* [What the exercise asks]: Leave out the pictures and restate the rest of the data exactly.

* [Given information]:

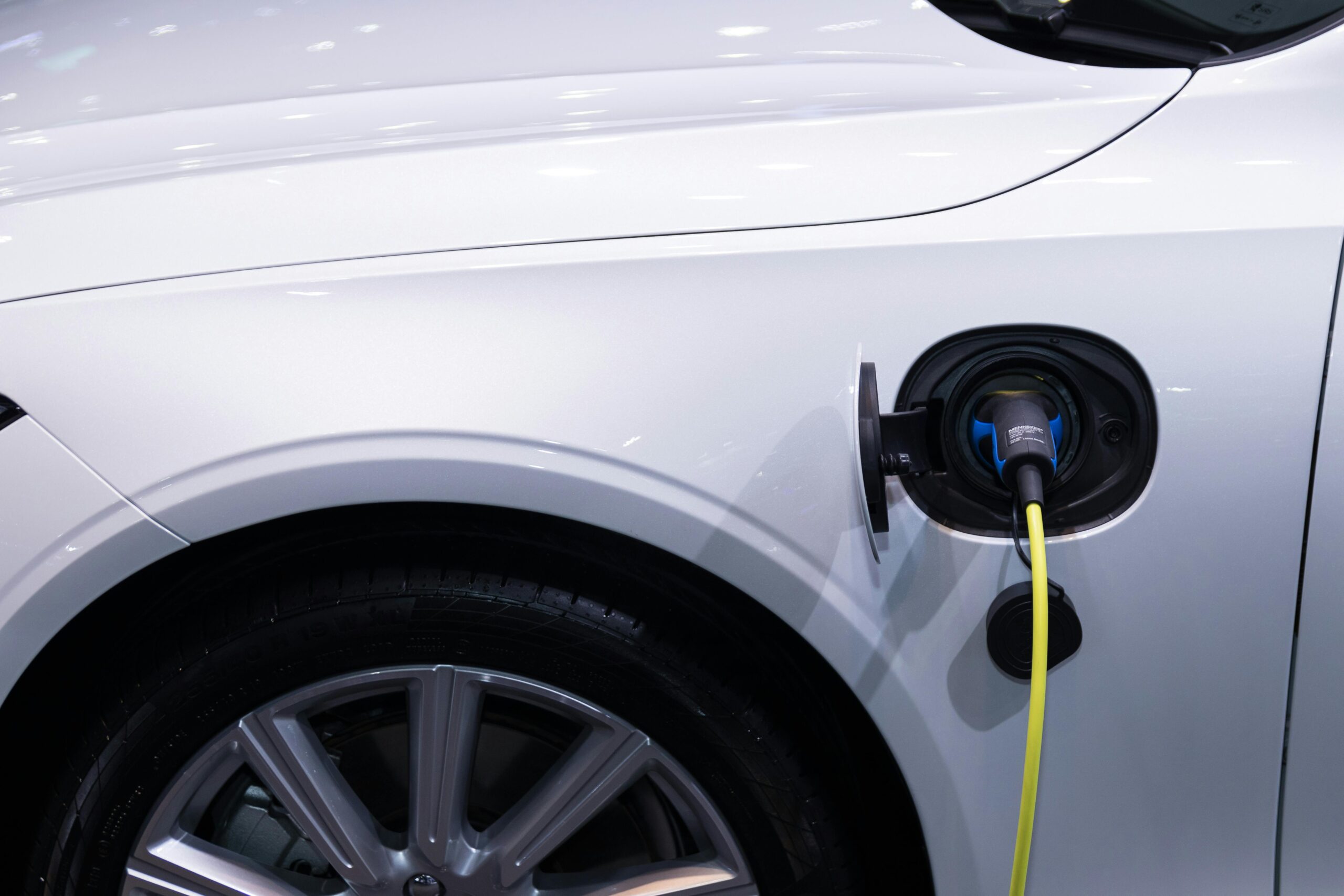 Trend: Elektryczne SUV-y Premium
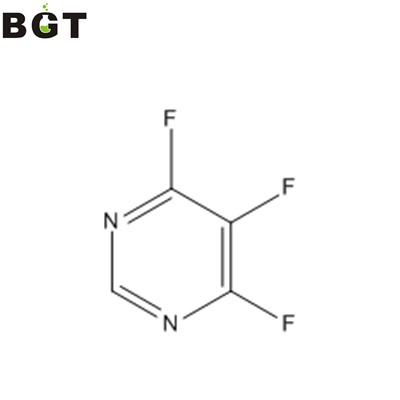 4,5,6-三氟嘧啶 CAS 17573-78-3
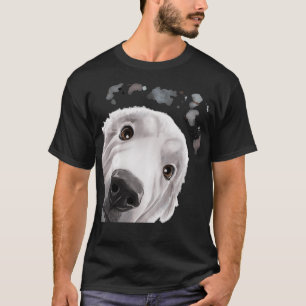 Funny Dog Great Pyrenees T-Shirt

* [Answer space]:
 Trend: Elektryczne SUV-y Premium
 4,5,6-三氟嘧啶 CAS 17573-78-3
 Funny Dog Great Pyrenees T-Shirt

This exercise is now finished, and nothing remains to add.